- _Recorded data_:
-----
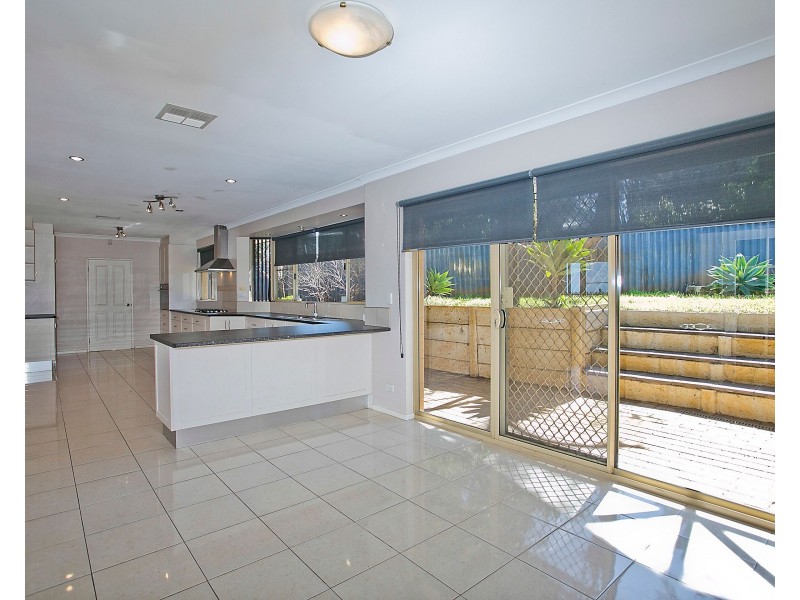 9 Stirling Close, Swan View WA 6056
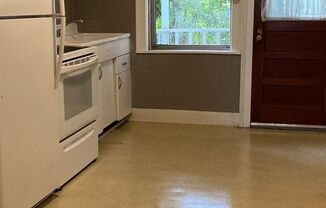 1 bed, 1 bath, $1,200, Unit B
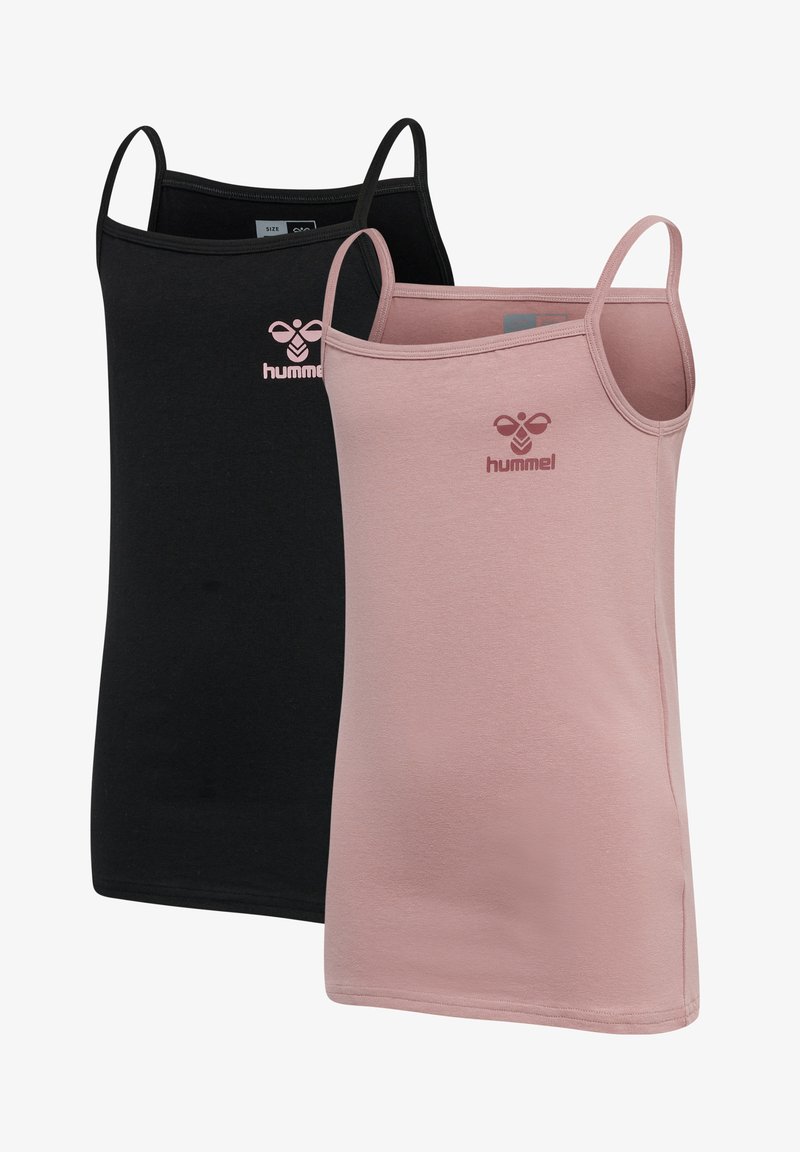 Två linnen: ett svart och ett ljusrosa. Båda har tunna axelremmar och en logotyp på framsidan. Tillverkade av mjukt, töjbart tyg.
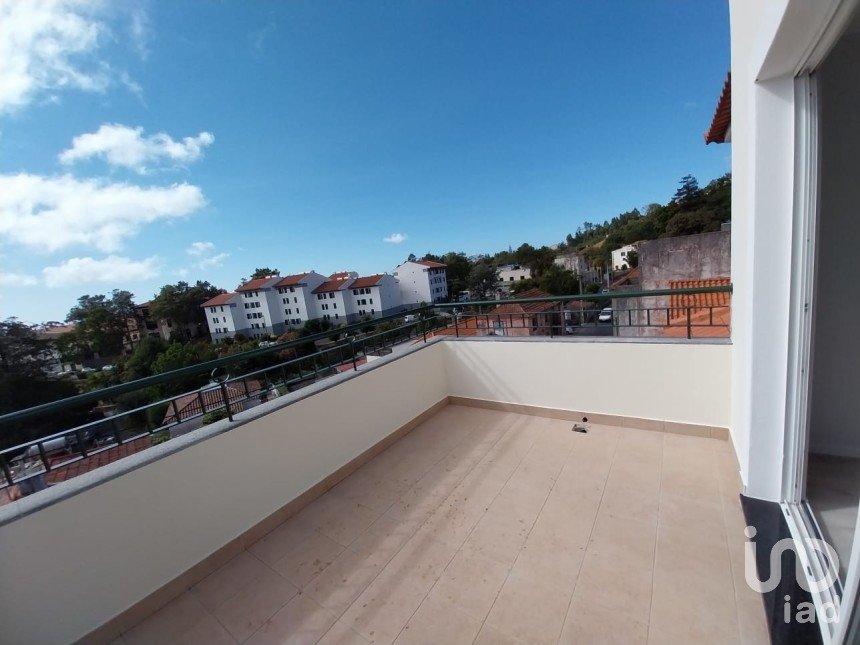 Apartamento T2 em Camacha de 80 m²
-----
- _Directions for this task_:
Nothing but the lines from the line with "Två linnen: ett" through the last line of the listing should be copied, exactly and with both ends kept. Leave pictures out.

- _Result of this exercise_:
 Två linnen: ett svart och ett ljusrosa. Båda har tunna axelremmar och en logotyp på framsidan. Tillverkade av mjukt, töjbart tyg.
 Apartamento T2 em Camacha de 80 m²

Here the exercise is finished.